Fig. 8.

A model of MUC1 processing. The model summarizes MUC1 processing pathways from a number of studies discussed in the text. Only the contribution of N-glycosylation to the variety of C-terminal forms detected when MUC1F (full length MUC1 precursor) is overexpressed in normal cells is considered in this model. N-glycosylation sites are indicated by an N on the C-terminal subunits. Within the endoplasmic reticulum (ER), MUC1F is translated as a single polypeptide which folds to a conformation inducing an autolytic cleavage within the SEA module to produce N- and C-terminal subunits (N-term and C-term). The resulting subunits remain stably associated as a heterodimer (metabolic complex) and undergo N-glycosylation. There are five potential N-glycosylation sites in human MUC1: four within the N-terminal subunit and one within the C-terminal subunit.

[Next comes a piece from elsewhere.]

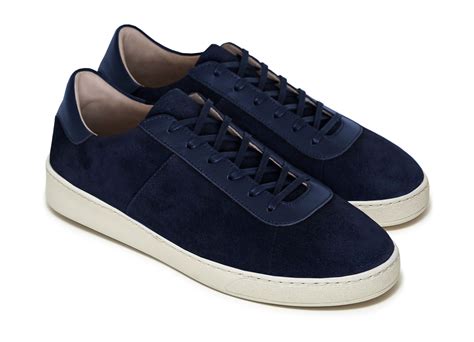 dark blue men sneakers.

For simplicity, only the latter site is indicated on the figure and the N-glycosylated forms of this C-terminal subunit are labeled CTF20–23 in the figure and the text. Forms of the C-terminal subunit lacking N-glycosylation are labeled CTF17 in the figure and the text. MUC1 heterodimers transit the Golgi complex in which extensive O-glycosylation of the tandem repeat region occurs (indicated by O – in the figure) as well as additional modification of the N-glycan (N*). The present data indicates that upon arrival at the plasma membrane, the subset of heterodimers lacking N-glycans on the C-terminal fragment are substrates for sheddases that generate CTF15. CTF15 is a substrate for γ-secretase and is cleaved within the transmembrane domain at one or more sites. The C-terminal products of γ-secretase generally were undetectable and, therefore, presumed to be rapidly degraded; however, we detected trace amounts of 8–10 kDa C-terminal fragments in our studies which presumably are the products of γ-secretase destined for rapid degradation. Heterodimers containing N-glycosylated C-terminal subunits appear to be processed by an alternate pathway, possibly involving internalization, recycling, or lysosomal degradation.